Ci sono romanzi che nascono come scandalo e col tempo si rivelano necessità. La statua di sale (The City and the Pillar, 1948), l’opera con cui un giovanissimo Gore Vidal infrange il silenzio dell’America puritana, appartiene a quella ristretta genealogia di libri scritti nella febbre della giovinezza ma pensati per durare: per lucidità, coraggio e visione morale. A ventitré anni Vidal non si limita a raccontare una vicenda; introduce nel paesaggio letterario americano la possibilità di un desiderio maschile che non si vergogna, non si occulta e non si espia. È un gesto di insubordinazione etica e, insieme, un atto di verità.

Jim Willard, il protagonista, è l’emblema di quell’inquietudine che percorre l’intera opera dell’autore: bello, atletico, riservato, figlio di un’America che celebra il successo e teme la differenza. In una notte d’estate, in un capanno sul lago, egli vive con l’amico di sempre, Bob, la rivelazione di un amore senza nome, un momento di compiutezza che diventa origine e condanna. Bob prende poi la via del mare, convinto che sia stato soltanto un gioco goliardico tra adolescenti soli. Jim, nutrito invece da quella complicità che non è solo epidermide ma un pentagramma di note che finalmente risuonano una musica soffocata, resta e da quel punto la sua esistenza si trasforma nell’attesa di un ritorno. Ogni viaggio, ogni incontro, ogni città diventa un tentativo di ritrovare quell’immagine perduta. Come la moglie di Lot nella Genesi, Jim si volta indietro e, nel gesto del ricordo, si pietrifica: la “statua di sale”, titolo scelto con acume da Fazi nella traduzione italiana di Alessandria Osti, diventa figura del tempo immobile e del desiderio che si fa memoria e identità.
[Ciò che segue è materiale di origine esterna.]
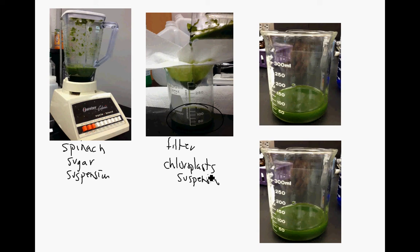We're going to have two samples of this. One will be unboiled, and then I will boil another sample. So we'll have unboiled chloroplasts and then boiled chloroplasts. Even though they look the same, they're going to be different.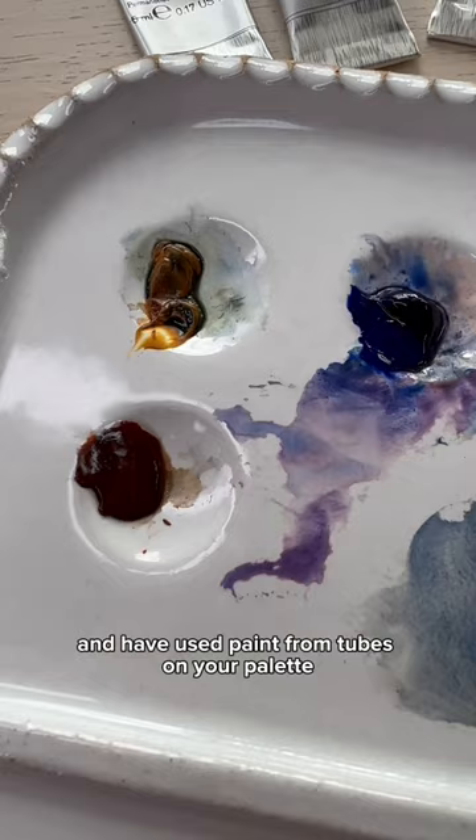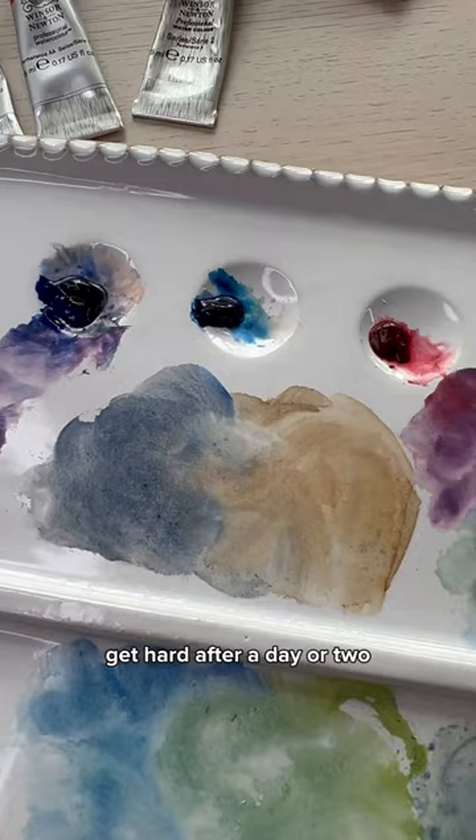If you're brand new to watercolor and have used paint from tubes on your palette, you'll notice that those paints get hard after a day or two. But don't throw them away — they're reusable.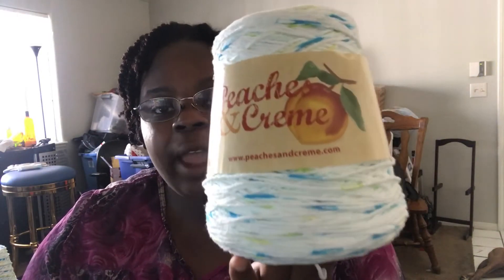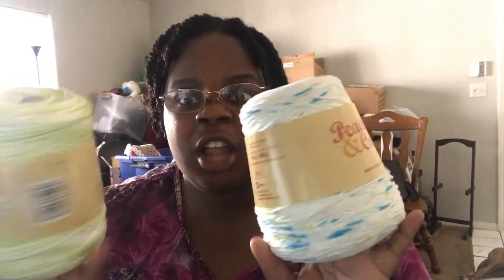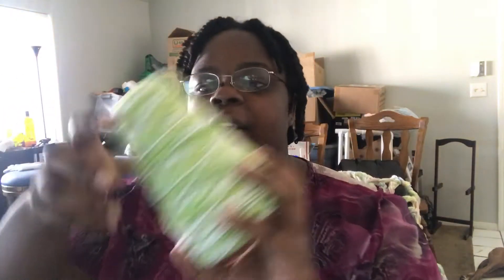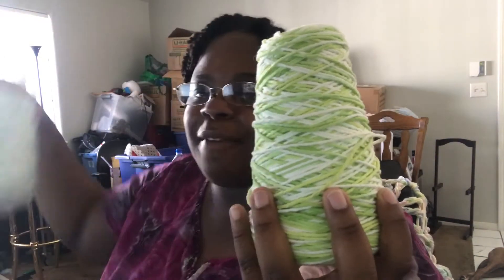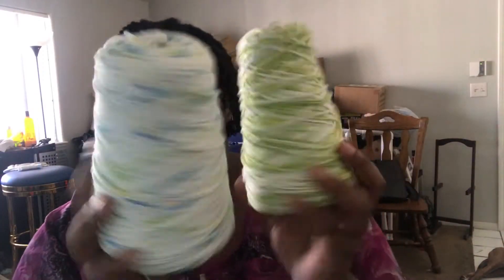Each cone is 400 grams and approximately 706 yards. I used two of these — the color Limeade and the color Happy-Go-Lucky — which is 800 grams together or 1,412 yards, and I had a lot left over, enough for another top. If you are 3X or bigger, two cones is good for you; if you are smaller, one should work, but get two because it's always better to have more than less. Limeade was my primary color and Happy-Go-Lucky was my secondary.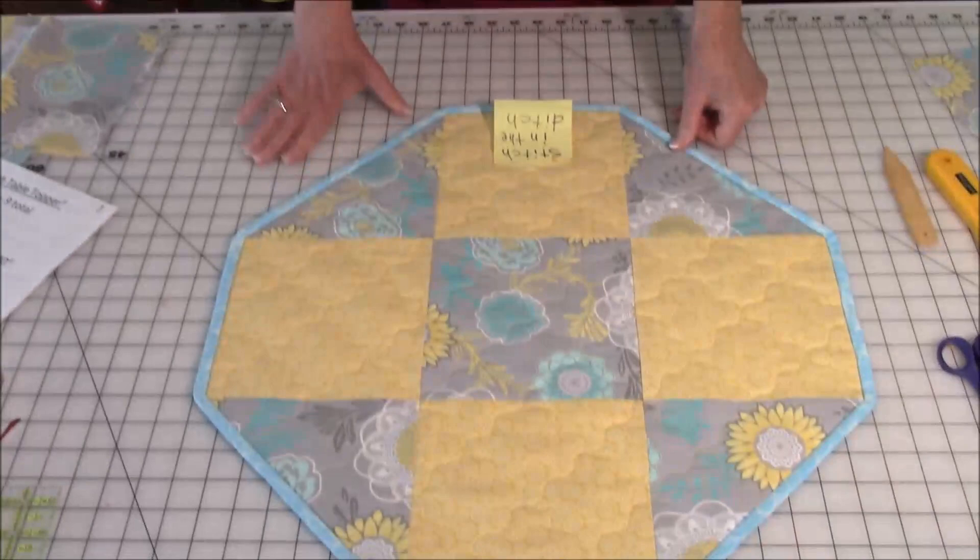Hello, I'm Cheryl and welcome to my sewing room. I'm going to demonstrate how to make a nine patch octagon shape table topper that you can use in the center of your dining table, on an end table, or even in the bedroom on a chest of drawers or your dresser — it's one of those things you can make to cover up the scratches. So let's take a look at what I'm going to make.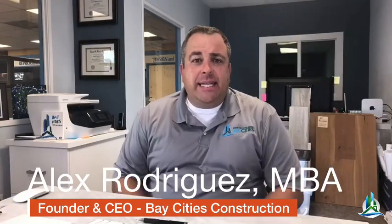Hey, what's up guys? Alex with Bay Cities Construction here. We've got a really cool show about ADUs. You don't know what an ADU is? It's an auxiliary dwelling unit. And we also have an update on our laminate test. We've had a piece of laminate flooring in water for how long? Three weeks.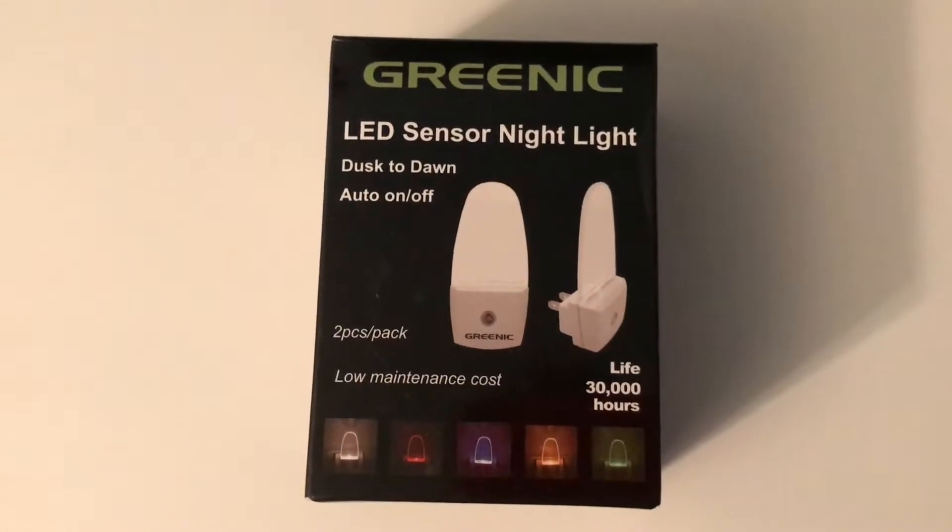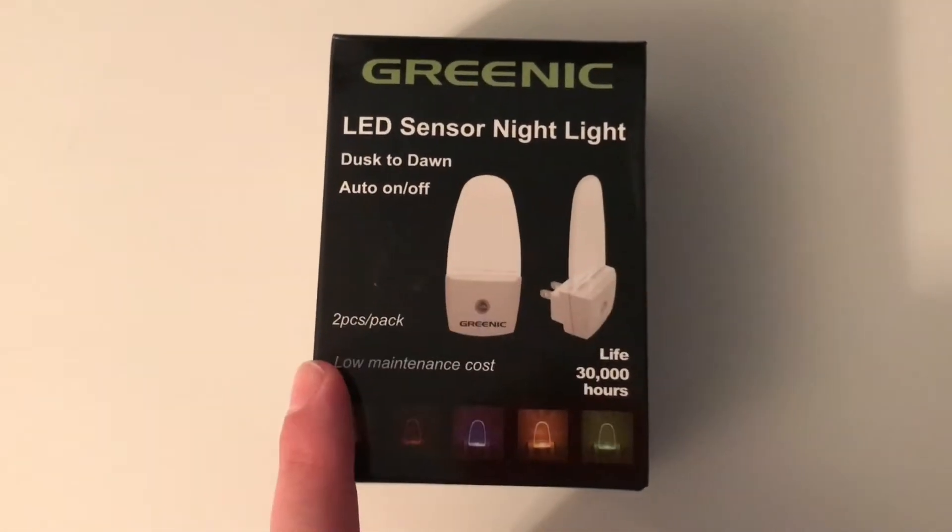Hey, what's going on? Doing another quick video for you. I just picked up a set of LED sensor nightlights, and I picked them up in red because supposedly red does not bother the eyes at night.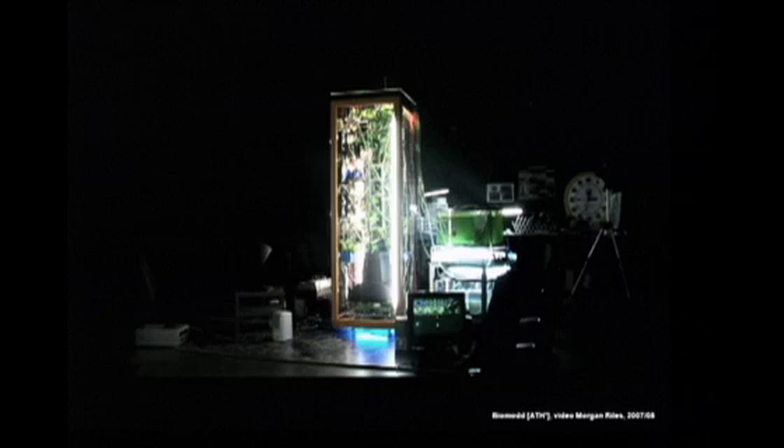The algae that you can see on the right-hand side are interesting — they're cooling the processor of the server. They're like living coolant liquid.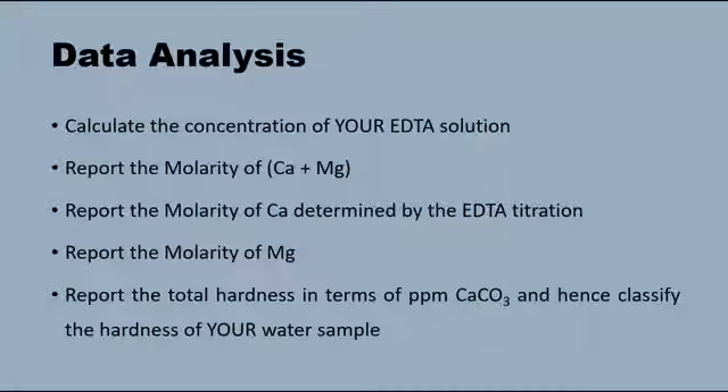Data analysis: You will need to calculate the concentration of your EDTA solution using your accurate mass of EDTA. You will then report the molarity of calcium and magnesium. Report the molarity of calcium determined by the EDTA titration, and hence report the molarity of magnesium. Finally, you will report the total hardness in terms of ppm calcium carbonate and hence classify the hardness of your water sample.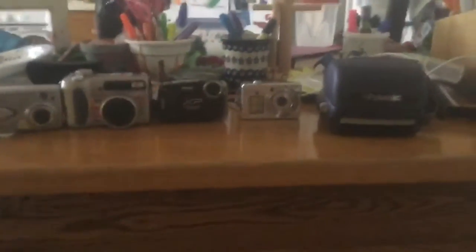What is up everybody, I'm back with another video. As you can tell by the title, this is a video on all of my cameras.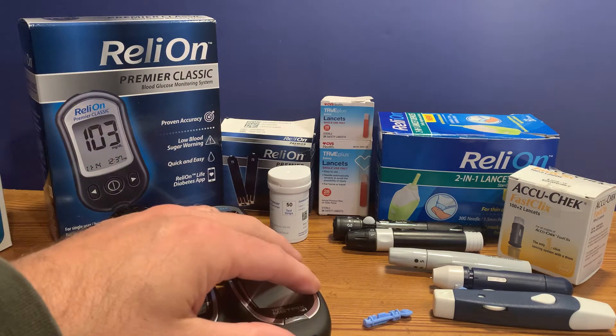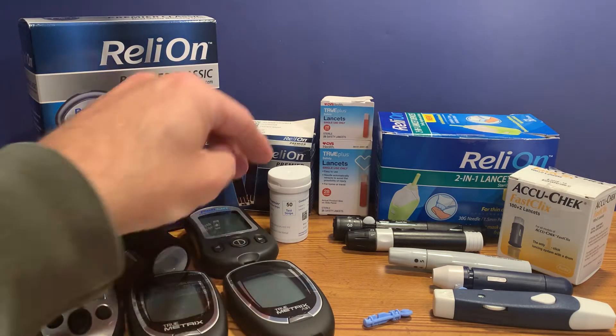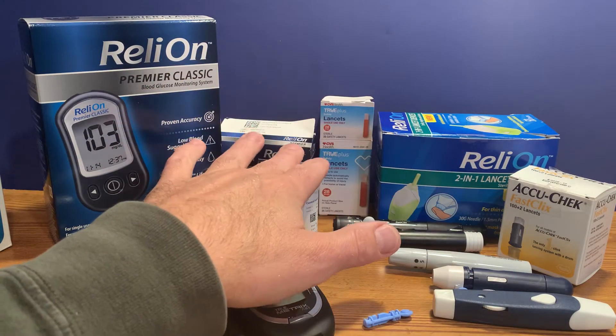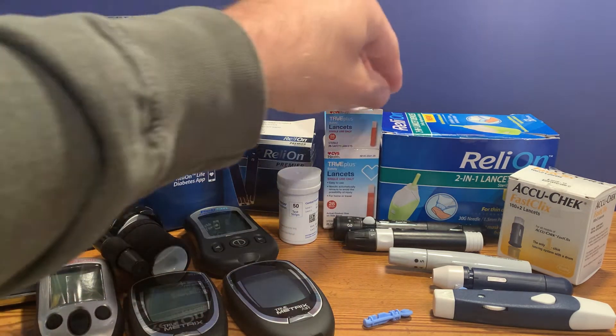To perform a blood glucose test, or blood sugar test, you need the meter, the testing meter, as well as the appropriate strips to go with that meter, and a lancet device. The lancet device is simply how you poke your finger to get a drop of blood to put on the test strip.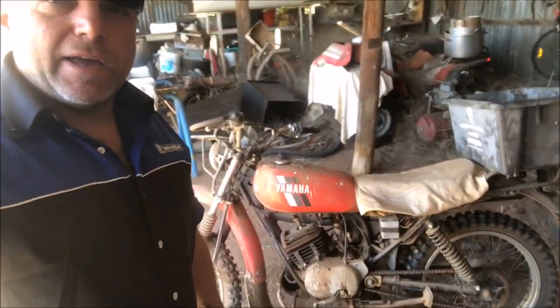G'day and welcome back to the channel. If you saw my last video, you could have seen I schooled myself with this little Yamaha AG 175. So I've been looking for an old two-stroke trail bike for a while — just a twin-shocker thing.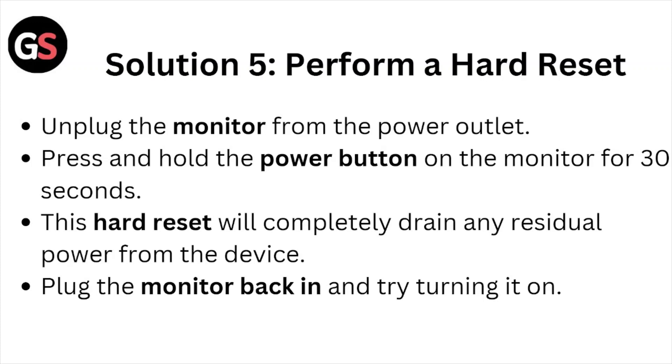Solution number five: perform a hard reset. Unplug the monitor from the power outlet and press and hold the power button on the monitor for about thirty seconds. This hard reset will completely drain any residual power from the device. Then plug the monitor back in and try turning it on.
Questa parabola individuale riflette una condizione collettiva. L’America degli Anni ’40, tra l’impegno bellico e il rigore domestico, non ha spazio per la solitudine di un ragazzo che sa nominare la propria verità anche se le parole per dirla rimangono a fior di labbra. Vidal descrive quel mondo con precisione fotografica: club, spiagge, spogliatoi, bar, scenari di mascolinità rituale che si fanno gabbie dorate. Jim non protesta: osserva. La sua ribellione è silenziosa, fatta di rifiuti e di distacco, di una malinconia trattenuta. E tale compostezza, più che l’ostentazione, ad abitare questo testo sismografo. La lingua è tersa, controllata; rifiuta il sentimentalismo, la curiosità voyeuristica, la tragedia sibila sotto la superficie, in un minimalismo morale dove ogni gesto pesa e ogni parola trattiene un grido.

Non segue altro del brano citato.